Good luck everyone. I think the steel bite will finally be hot by then so I am going to skip it this year.


----------



## unregistered55 (Mar 12, 2000)

Matt
I would disagree that only poor fishermen go out there. I have met quite a few serious anglers that go out there. The main reason? It's just for fun. It's great to get out after a loooooong winter. I don't get out there every year but I've always found it to be good time. I really enjoy chatting with other folks out there swapping stories while fishing. It pretty relaxed. Take a cook stove along - cook up some hot soup or chili have some coffee or tea and have a nice time. What could be wrong with that?
EDW


----------



## dinoday (Feb 22, 2004)

Just thought I'd bump this back up since it's almost here  
Who's still planning on going this weekend and is anybody meeting up any place special or just fishing? I'll probably be there Saturday morning...I don't know about any other days,but I'm playing hooky from work that day


----------



## gunrod (Jan 16, 2001)

I'm heading north today and the weather looks good for the weekend up there so I think I'm staying north (unless that changes). Enjoy everyone and I'll see you when I get back.


----------



## tangleknot (Oct 8, 2001)

We'll be fishing Fri-Sun and will be staying at the campground. Come on by, we'll have the grill and campfire going.


----------



## Steve (Jan 15, 2000)

I'll be there Friday night and will definitely share a campfire with you afterwards. Might make it out Saturday as well.


----------



## tangleknot (Oct 8, 2001)

They won't assign us a site until we arrive. Look for a Jayco fifth wheel and red Sierra.


----------



## Kevin (Oct 4, 2000)

Gotta be in Flint all Friday afternoon. I will probably hit it to, or from, work on one of my Milford days during the week, when there a somewhat fewer people there.


----------



## dinoday (Feb 22, 2004)

I'll probably come by around lunchtime if I don't see you on the river.I'm thinking of bring my son...I have to see if he want to get up that early :lol:


----------



## MAttt (Dec 15, 2004)

MAttt said:


> I believe the pellet fed trout that are put in the Huron are meant for the little kids. I have taken my kids their for this and can't believe the amount of older fisherman their catching such a non challenging pond reared fish.
> Your opinions??


 
After reading everyones responses to this I feel I must apologize.
I see now that is more about meeting old friends and making new ones than in the catching part. This is what fishing is all about to me.
May mother nature provide you with some good weather and your weekend
be Great amongst good friends (old and new).
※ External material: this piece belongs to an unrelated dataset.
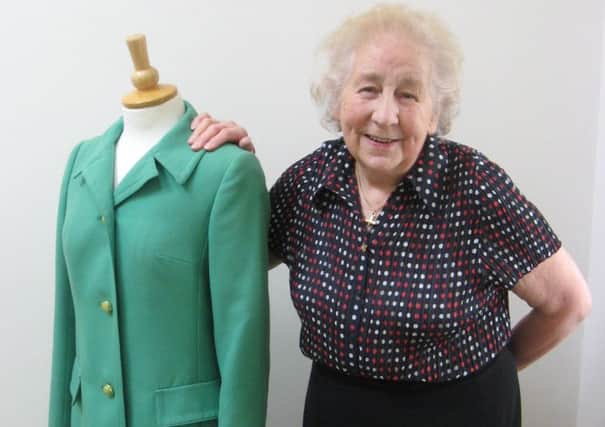 Coltman with her first Aquascutum coat and in her BEA uniform. Picture: Contributed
And may the dnr have had a good crop of excess breeders they needed
to place in the river this year. Nothing like having one of those 8 to 12 lb. brown footballs screaming your line out!! Or the triple flips of the smaller ones will do just fine, too!

take care
matt


----------



## Steve (Jan 15, 2000)

Yeap, Matt it's more about getting out your old rusty equipment, saying hi to old friends and getting ready for the real season.


----------



## tangleknot (Oct 8, 2001)

We were hoping to bring our new boat and fish out on Proud Lake part of the time but I don't think that is going to work, lol, unless we get at heat wave.


----------



## dinoday (Feb 22, 2004)

tangleknot said:


> We were hoping to bring our new boat and fish out on Proud Lake part of the time but I don't think that is going to work, lol, unless we get at heat wave.


 Nope...not unless she's an ice breaker :lol: Could bring a spud though


----------



## Beaglernr (Dec 1, 2002)

If I am not fishing up north I sure hope to stop by and see you folks at the campground. Thanks for the invite.


----------